Advice for Fellow Founders

For robotics founders, Tessa’s advice is unambiguous: “Don’t be in stealth. Stealth is stupid. Build in public because you don’t have the luxury of multiple shots on goal.” Hardware companies face unique constraints because “You really only have one to two shots on goal if you’re building a hardware product.”

For construction tech founders specifically, she emphasizes market complexity: “Construction is not one market.
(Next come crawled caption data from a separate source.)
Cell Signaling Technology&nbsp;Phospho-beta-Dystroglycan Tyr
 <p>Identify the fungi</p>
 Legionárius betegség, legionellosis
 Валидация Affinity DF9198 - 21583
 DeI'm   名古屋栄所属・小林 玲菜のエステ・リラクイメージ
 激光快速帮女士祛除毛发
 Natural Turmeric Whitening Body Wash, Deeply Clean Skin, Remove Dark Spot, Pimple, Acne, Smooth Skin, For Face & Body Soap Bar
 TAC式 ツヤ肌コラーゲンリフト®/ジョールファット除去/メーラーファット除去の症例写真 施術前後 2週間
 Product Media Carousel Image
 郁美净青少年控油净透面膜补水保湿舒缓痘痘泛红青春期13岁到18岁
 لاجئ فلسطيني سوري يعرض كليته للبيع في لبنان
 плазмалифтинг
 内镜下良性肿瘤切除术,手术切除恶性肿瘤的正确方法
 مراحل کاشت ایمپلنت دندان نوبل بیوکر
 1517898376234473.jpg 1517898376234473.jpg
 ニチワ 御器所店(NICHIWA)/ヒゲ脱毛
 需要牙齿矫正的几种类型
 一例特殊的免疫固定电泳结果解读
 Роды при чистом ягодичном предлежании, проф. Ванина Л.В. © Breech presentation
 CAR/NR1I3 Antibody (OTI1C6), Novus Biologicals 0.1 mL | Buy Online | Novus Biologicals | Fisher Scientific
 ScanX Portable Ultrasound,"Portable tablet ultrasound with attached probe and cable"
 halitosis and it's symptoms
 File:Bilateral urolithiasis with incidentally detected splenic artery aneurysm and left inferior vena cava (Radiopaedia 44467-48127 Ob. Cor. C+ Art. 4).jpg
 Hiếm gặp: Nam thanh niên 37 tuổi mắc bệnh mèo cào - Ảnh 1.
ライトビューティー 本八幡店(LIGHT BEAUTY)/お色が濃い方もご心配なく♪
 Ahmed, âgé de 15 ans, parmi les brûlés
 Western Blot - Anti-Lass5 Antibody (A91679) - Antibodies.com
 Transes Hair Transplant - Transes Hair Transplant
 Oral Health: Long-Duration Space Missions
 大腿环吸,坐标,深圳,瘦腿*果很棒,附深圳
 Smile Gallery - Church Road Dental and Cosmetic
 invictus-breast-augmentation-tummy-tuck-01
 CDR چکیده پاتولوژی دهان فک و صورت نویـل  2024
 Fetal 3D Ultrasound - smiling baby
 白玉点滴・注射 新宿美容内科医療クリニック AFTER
Construction is a lot of different markets.” Success requires understanding that “even on a single construction project, the different buyers have very different values statements, very different value propositions, different willingnesses to pay, different ability to bring the technology on site.”

 

The Vision Ahead

Looking forward, Tessa’s vision is ambitious yet simple: “The dusty way implemented on every single construction site.” This goal reflects their evolution from a robotics company to a methodology company, positioning them not just as a technology provider but as the standard for how construction should be done.

The journey from that first $5,000 invoice to construction category leadership demonstrates how positioning evolution, customer co-creation, and relentless focus on outcomes over features can transform a hardware startup into an industry standard. For B2B founders, Dusty’s story proves that sometimes the best strategy isn’t to hide your technology development, but to build it openly with your customers—even if you have to Google “what’s an invoice” along the way.